* _Study material_:
----

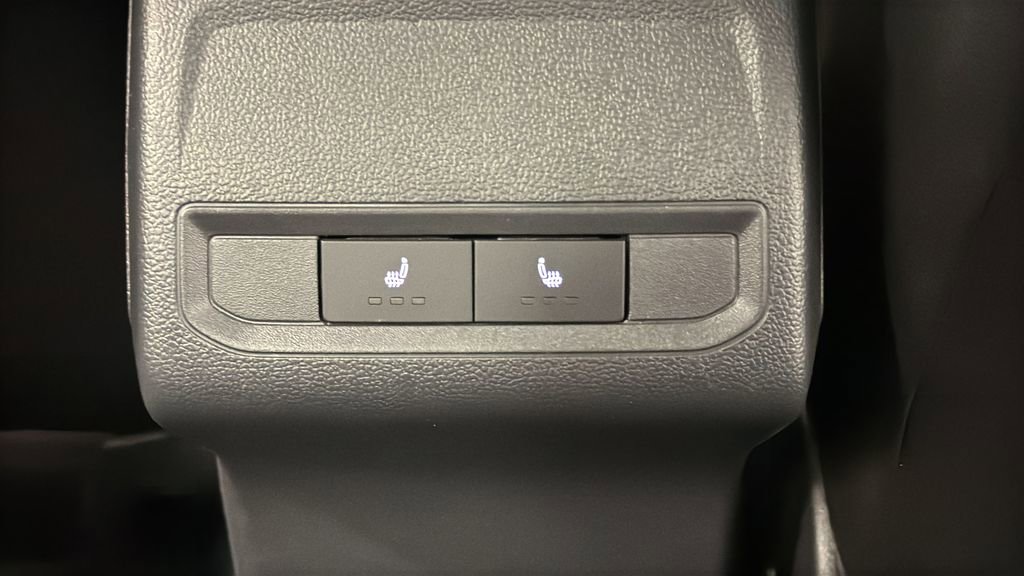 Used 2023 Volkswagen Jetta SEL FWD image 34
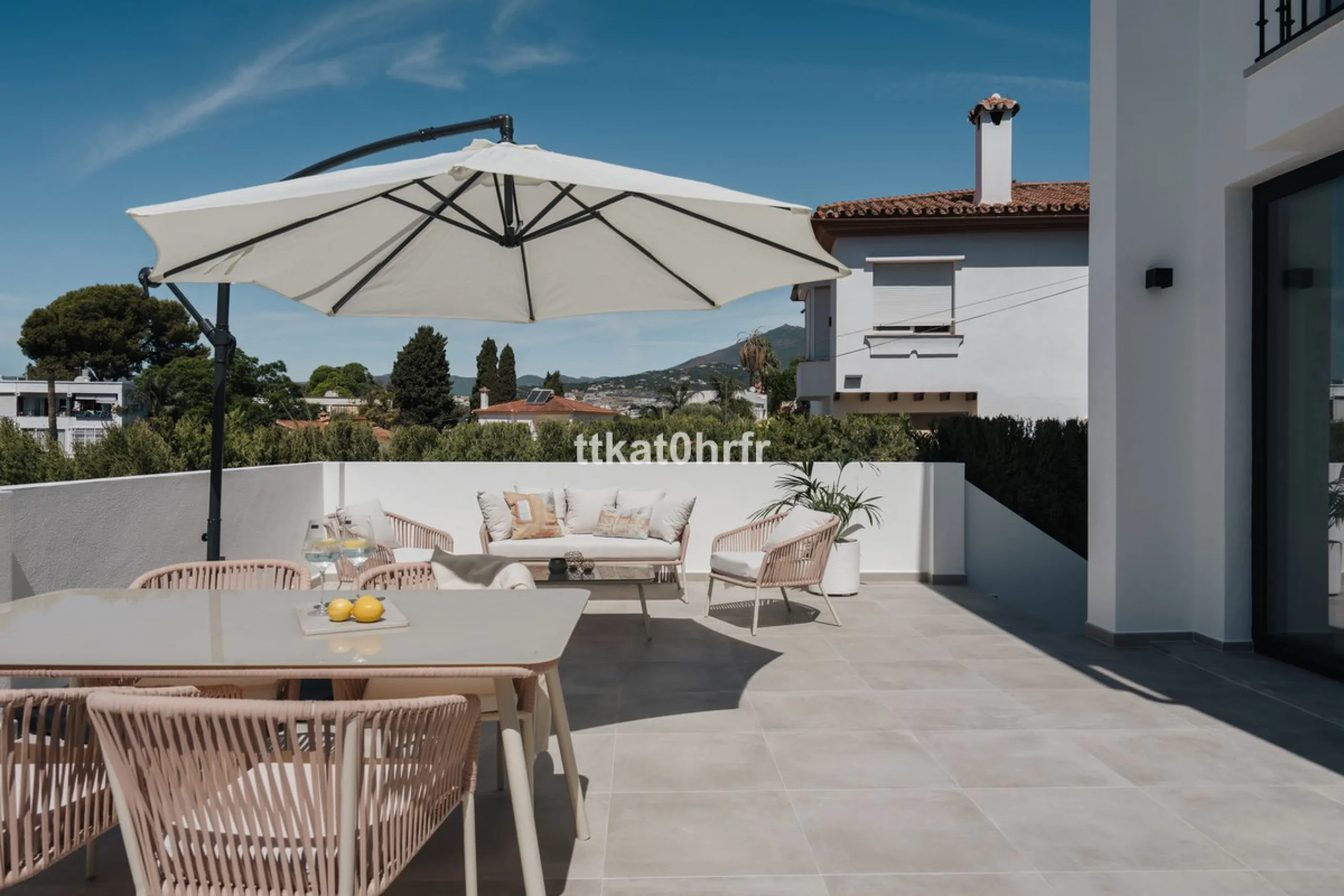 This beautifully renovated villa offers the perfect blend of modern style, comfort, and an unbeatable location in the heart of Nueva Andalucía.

----

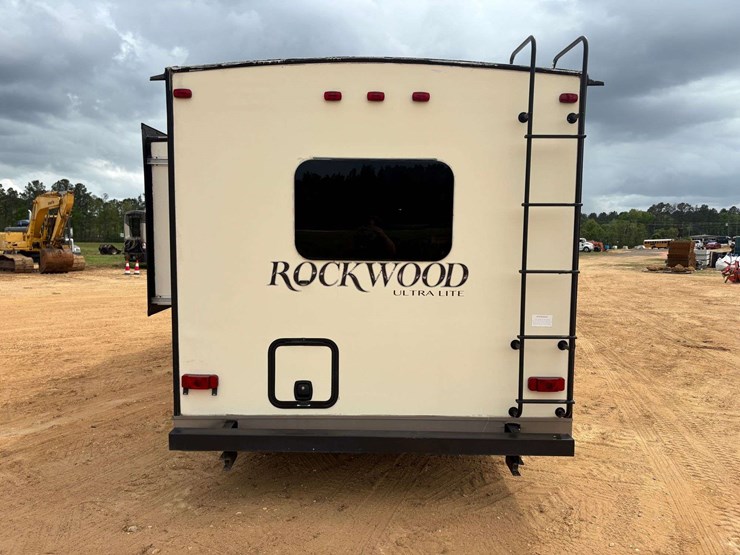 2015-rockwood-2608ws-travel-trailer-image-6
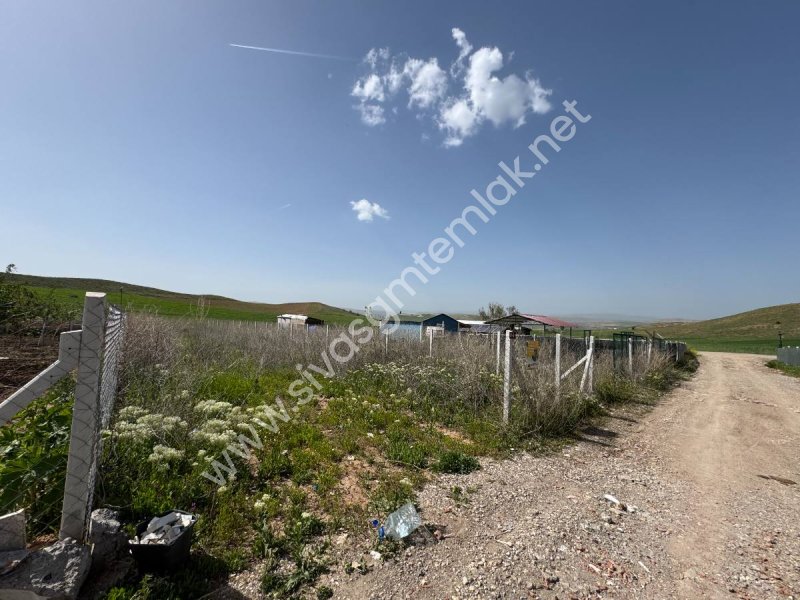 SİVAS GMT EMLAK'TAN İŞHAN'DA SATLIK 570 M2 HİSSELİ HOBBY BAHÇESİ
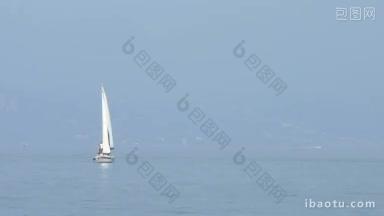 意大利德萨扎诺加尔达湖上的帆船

----

* _Problem requirements_: All that should be printed is the run of lines above from the one with "Used 2023 Volkswagen Jetta SEL FWD image 34" through the one with "This beautifully renovated", both included, exactly as given, with pictures left out.

* _Reply to the task_:
 Used 2023 Volkswagen Jetta SEL FWD image 34
 This beautifully renovated villa offers the perfect blend of modern style, comfort, and an unbeatable location in the heart of Nueva Andalucía.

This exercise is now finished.